UNITED STATES NUCLEAR REGULATORY COMMISSION ADVISORY COMMITTEE ON REACTOR SAFEGUARDS WASHINGTON, DC 20555 - 0001 March 25, 2020 Ms. Margaret M. Doane Executive Director for Operations U.S. Nuclear Regulatory Commission Washington, DC 20555-0001

SUBJECT:

NUSCALE POWER, LLC, DESIGN CERTIFICATION APPLICATION - SAFETY EVALUATION FOR TOPICAL REPORT, LOSS-OF-COOLANT ACCIDENT EVALUATION MODEL, TR-0516-49422, REVISION 1

Dear Ms. Doane:

During the 671st meeting of the Advisory Committee on Reactor Safeguards, March 5-6, 2020, we reviewed the NRC staffs safety evaluation (SE) report of the NuScale Power, LLC (NuScale), topical report TR-0516-49422 Revision 1, Loss-Of-Coolant Accident Evaluation Model. Our NuScale Subcommittee also reviewed this matter on February 19-20, 2020.
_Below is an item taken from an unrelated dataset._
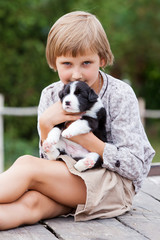 Little girl with the puppy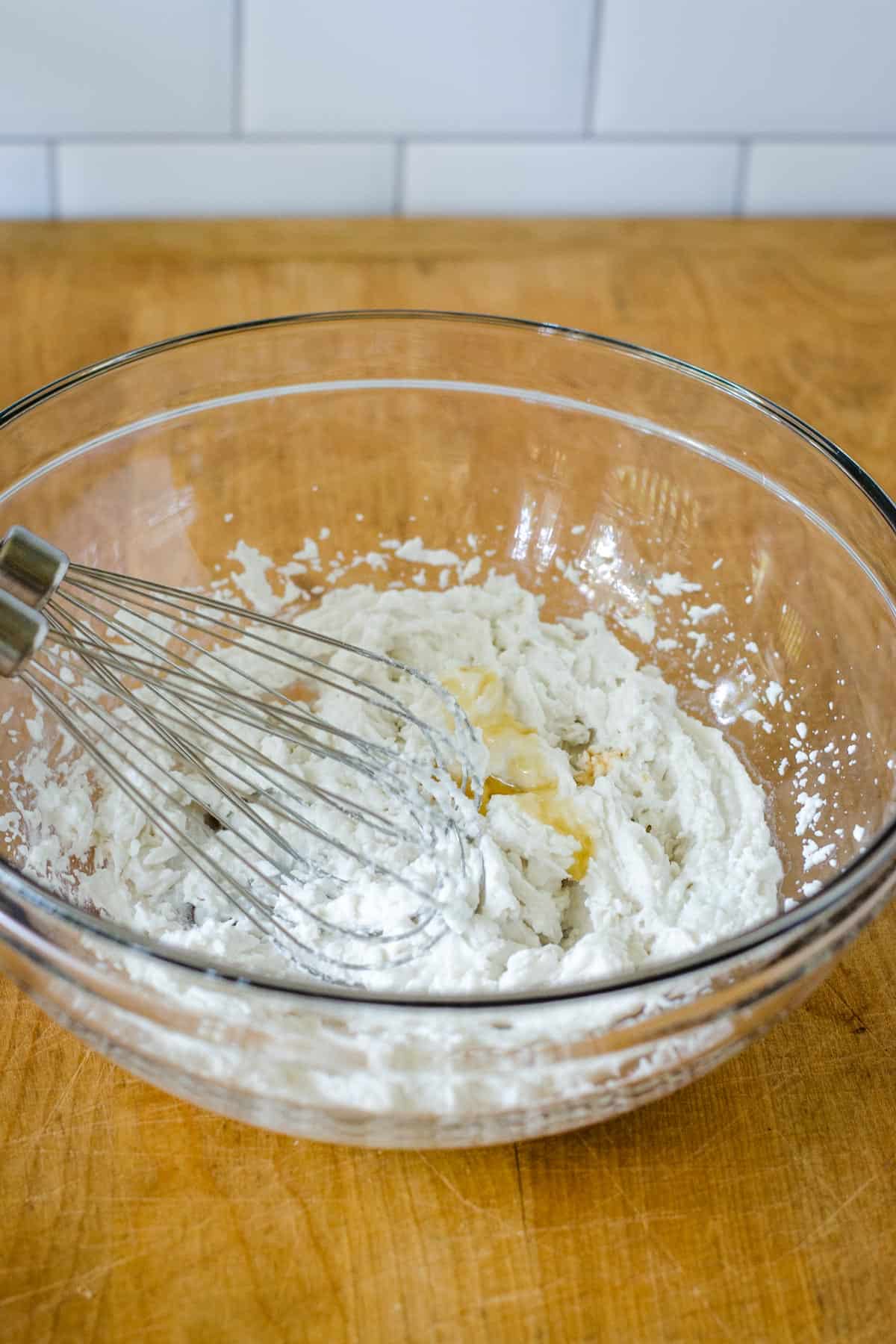Adding vanilla and honey to bowl of whipped cream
During these meetings, we had the benefit of discussions with the staff and representatives of NuScale. We also had the benefit of the referenced documents.

CONCLUSION AND RECOMMENDATION

1. The Loss-Of-Coolant Accident (LOCA) Evaluation Model topical report, with the limitations and conditions imposed by the staff SE report, provides an acceptable methodology to analyze the early stages of LOCAs prior to long-term cooling in the NuScale Power Module (NPM).
2. The staffs SE report should be issued.

BACKGROUND The NuScale LOCA Evaluation Model topical report documents an evaluation model for the analysis of system transient response to LOCA initiating events for the NPM. The evaluation model uses a modified version of the RELAP5 computer code, referred to as NRELAP5. The applicants long-term cooling analysis methodology is not part of the LOCA generic topical report.

DISCUSSION The LOCA evaluation model provides a methodology to analyze: the early stages of NuScale LOCA scenarios; the performance of the emergency core cooling system (ECCS); the inadvertent opening of ECCS valves; and peak containment pressure and temperature analysis.

The regulatory basis for these analyses is 10 CFR 50.46, and NuScale applies the conservative

M. Doane Title 10 of the Code of Federal Regulations, Part 50, Appendix K, ECCS Evaluation Models, methodology with more restrictive acceptance criteria. As opposed to the conventional LOCA fuel design criteria (e.g., peak cladding temperature limits), NuScale requires that the collapsed liquid level be maintained above the core, which ensures that the fuel is properly cooled during these transients.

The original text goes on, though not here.